While the philosophers derive from Aristotle interesting solutions to modern issues in the philosophy of biology, the biologist shows a more empathetic understanding of the Stagirite’s life and method.

Heinemann, Gottfried and Rainer Timme (edd.). Aristoteles und die heutige Biologie: vergleichende Studien. Lebenswissenschaften im Dialog, 17. Freiburg; München: Verlag Karl Alber, 2017. 352 p. € 39.00 (pb). ISBN 9783495486924.

Leroi, Armand Marie. The Lagoon: How Aristotle Invented Science. London: Bloomsbury, hb 2014; pb 2015, 502 p., £9.99, ISBN 978-1-4088-3622-4 Aristoteles und die heutige Biologie is a collection of papers originally presented at a conference at Kassel University in 2009. The contents are shown at the end of this review.

Georg Toepfer opens his essay with these words: “Die Teleologie des Organischen bei Aristoteles soll in diesem Beitrag nicht primaer aus der Perspektive der Aristoteles-Forschung untersucht werden, sondern aus der Perspektive der Philosophie der Biologie und deren Diskussionsstand der letzten Jahrzehnte.” The same could be said of most of the papers in Heinemann and Timme.

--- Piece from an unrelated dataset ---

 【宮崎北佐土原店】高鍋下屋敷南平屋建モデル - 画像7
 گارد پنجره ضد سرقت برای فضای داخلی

The book could have been titled “Aristotle and Biophilosophy”; there is much on issues like teleology, ontogeny and Aristotle’s hylomorphic theory of body and soul as ontologically inseparable aspects of a single entity (matter and form, respectively), but only a secondary interest in the Stagirite’s extensive empirical observations and analyses. Contributors occasionally disagree, launching philosophical discussions from their Aristotelian point of departure. The essays are arranged in five parts and summarized on p. 19-22. Biophilosophy has become well established in recent decades, and a focus on Aristotle is welcome. Readers who may have expected a study of Aristotle more specifically qua biologist will like Armand Marie Leroi’s The Lagoon: How Aristotle Invented Science. Leroi is a professor of evolutionary developmental biology who, taking as a role model D’Arcy Thompson, another biology professor who could not restrain his interest in classical studies, undertook to master adequate classical scholarship to freshly interpret Aristotle showing how a scientist can offer new insights concerning the ancient philosopher.

Turning first to Heinemann and Timme, Gottfried Heinemann’s own contribution is a thorough study of problematic Aristotelian texts cited in an ongoing dispute with David Sedley and others. Sedley has postulated that ‘nature’ (physis) must mean a global figure like the modern ‘Nature’ in passages where, for example, Aristotle says that plants and animals are made by ‘Nature’ for man’s benefit. Heinemann insists that Aristotle’s physis is always only the nature or ‘form’ of a particular species. This controversy cannot be resolved here. If we accept the orthodox assumption that Aristotle gradually distanced himself from Plato, Heinemann’s view fits more smoothly with Aristotle’s mature philosophy, in which there is neither creation nor a providential agent. A global Nature is rather reminiscent of Plato’s creating demiurge. Yet I believe that Sedley’s interpretation of some texts is more straightforward, while Heinemann’s seems forced.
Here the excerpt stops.